Wenn man kalte Milch in heißen Kaffee gießt, stellt sich rasch ein Temperaturgleichgewicht ein. Es kommt zu Wechselwirkungen zwischen Milchtröpfchen und Kaffeepartikel und nach kurzer Zeit haben beide dieselbe durchschnittliche Energie. Diesen inneren Temperaturausgleich bezeichnet man als „Thermalisierung“. Sie spielt auch beim Abkühlen ultrakalter Gase eine wichtige Rolle. Erstaunlicherweise lassen sich aber auch Gase abkühlen, bei denen dieser Effekt eigentlich unterdrückt ist. An der TU Wien untersuchte man das genauer und stellte fest, dass es sich um eine spezielle, quantenphysikalische Form der Kühlung handelt.

Fort mit den heißen Teilchen!
„Die einzelnen Teilchen in einer Flüssigkeit oder in einem Gas haben unterschiedlich viel Energie“, erklärt Prof. Jörg Schmiedmayer vom Atominstitut der TU Wien. Wie diese Energien verteilt sind, hängt von der Temperatur ab. Je heißer das Gas, umso häufiger kommen Teilchen mit höheren Energien vor. Daher kann man beim Abkühlen von sehr kalten Gasen einen einfachen Trick benutzen: Mit elektromagnetischen Feldern entfernt man immer wieder die Teilchen mit der höchsten Energie, die anderen mischen sich, und es stellt sich wieder eine typische Energieverteilung ein – diesmal aber bei etwas niedrigerer Temperatur.

„Das ist so ähnlich, wie beim Kaffee, wenn man sanft in die Tasse bläst, um ihn zu kühlen“, erklärt Bernhard Rauer, der die Experimente in der Forschungsgruppe von Jörg Schmiedmayer durchgeführt hat. „Die Teilchen mit der höchsten Energie schaffen es, die Flüssigkeit zu verlassen und werden weggeblasen. Im restlichen Kaffee stellt sich schnell wieder ein Gleichgewicht bei einer niedrigeren Temperatur ein.“

Newtonpendel und Teilchenstöße
Es gibt allerdings Fälle, in denen sich niemals eine thermische Temperaturverteilung einstellen kann. Beim sogenannten Newtonpendel hängt man mehrere Metallkugeln in einer geraden Linie auf, sodass sie einander berühren. Wenn man die erste Kugel auslenkt und auf die anderen prallen lässt, wird die letzte Kugel auf der anderen Seite der Kugelreihe weggestoßen, die übrigen Kugeln bewegen sich nicht. „In diesem Fall können die Kugeln also bloß Energien tauschen, es stellt sich keine thermische Verteilung verschiedener Energien ein“, erklärt Bernhard Rauer.

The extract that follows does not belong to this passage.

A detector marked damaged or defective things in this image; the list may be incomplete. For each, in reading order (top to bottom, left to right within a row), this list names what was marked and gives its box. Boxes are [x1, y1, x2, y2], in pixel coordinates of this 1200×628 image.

Bernhard Rauer untersuchte an der TU Wien ein ganz ähnliches System: Ein eindimensionales Gas aus Atomen, die von einer elektromagnetischen Falle in einer Reihe festgehalten werden. Sie können bloß ihre Energien tauschen, wie die Kugeln beim Newtonpendel. Man müsste daher erwarten, dass der Kühlmechanismus, bei dem man einfach einzelne Teilchen aus dem Gas entfernt, dort versagt. Denn sobald die schnellsten Teilchen entfernt sind, dürfte es in diesem vereinfachten Modell nie wieder schnelle Teilchen geben. Wenn unter den Kugeln im Newtonpendel eine bestimmte Energie nicht mehr vorkommt, wird auch nie wieder eine Kugel genau diese Energie annehmen.

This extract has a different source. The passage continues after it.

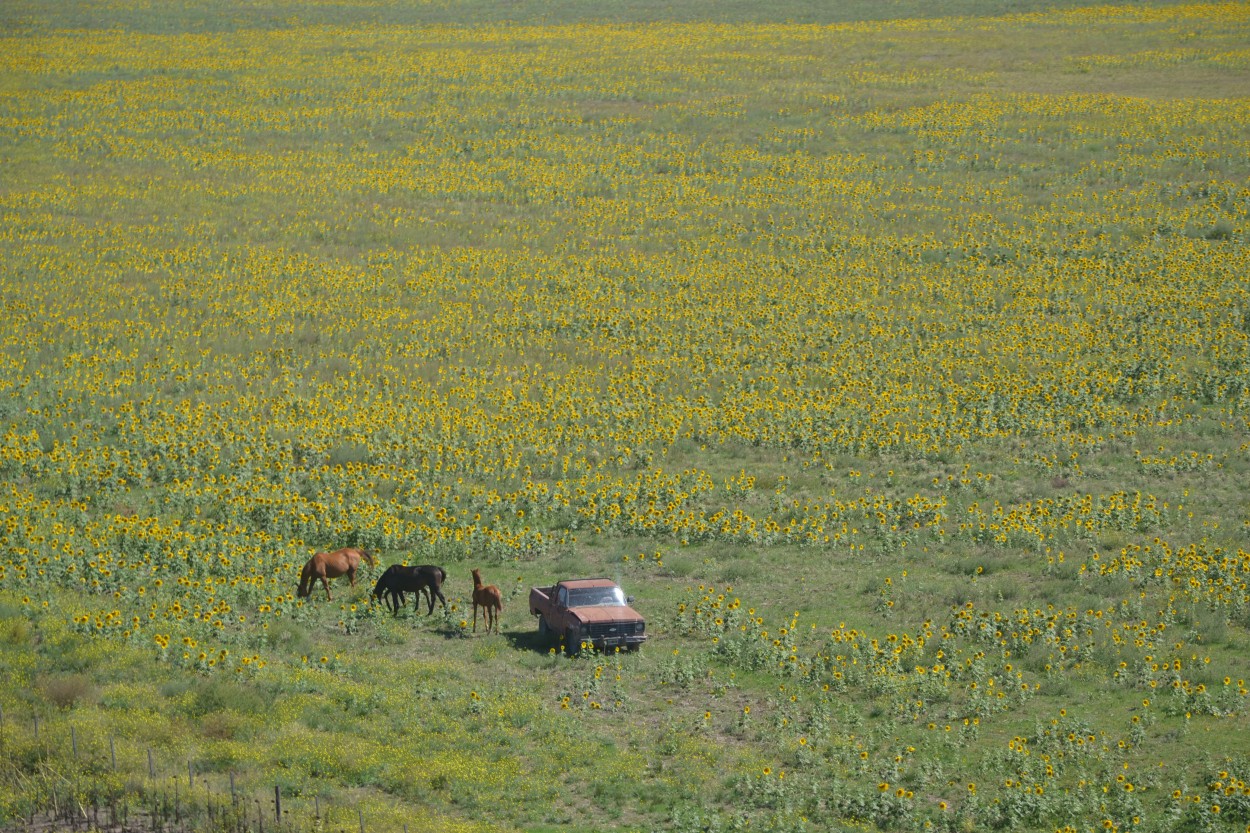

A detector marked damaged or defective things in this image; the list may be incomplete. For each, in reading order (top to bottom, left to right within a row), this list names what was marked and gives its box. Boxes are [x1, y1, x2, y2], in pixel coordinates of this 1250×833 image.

rusty pickup truck [527, 575, 645, 650]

Erstaunlicherweise verhält es sich mit dem eindimensionalen Gas aber anders. Es lässt sich durch fortdauernde Entfernung von Teilchen abkühlen – und zwar viel weiter, als man mit dem einfachen Bild langsamer und schnellerer Teilchen erklären kann.

Wellen statt Teilchen
Das liegt daran, dass man das Temperaturverhalten der Teilchen nur quantenmechanisch verstehen kann. „Es geht nicht darum, dass wie beim Newtonpendel zwei Teilchen zusammenstoßen, man muss stattdessen kollektive Anregungen betrachten, die sich auf viele Teilchen verteilen – so wie eine Wasserwelle, an der auch viele Wassermoleküle gleichzeitig beteiligt sind“, sagt Jörg Schmiedmayer. In diesen Quantenwellen ist die Energie des Systems gespeichert, und je mehr Teilchen man aus dem System entfernt, umso kleiner werden die Wellen. Somit hat man auf quantenphysikalische Weise einen Kühlungsmechanismus, den es nach dem bisherigen Verständnis gar nicht geben dürfte.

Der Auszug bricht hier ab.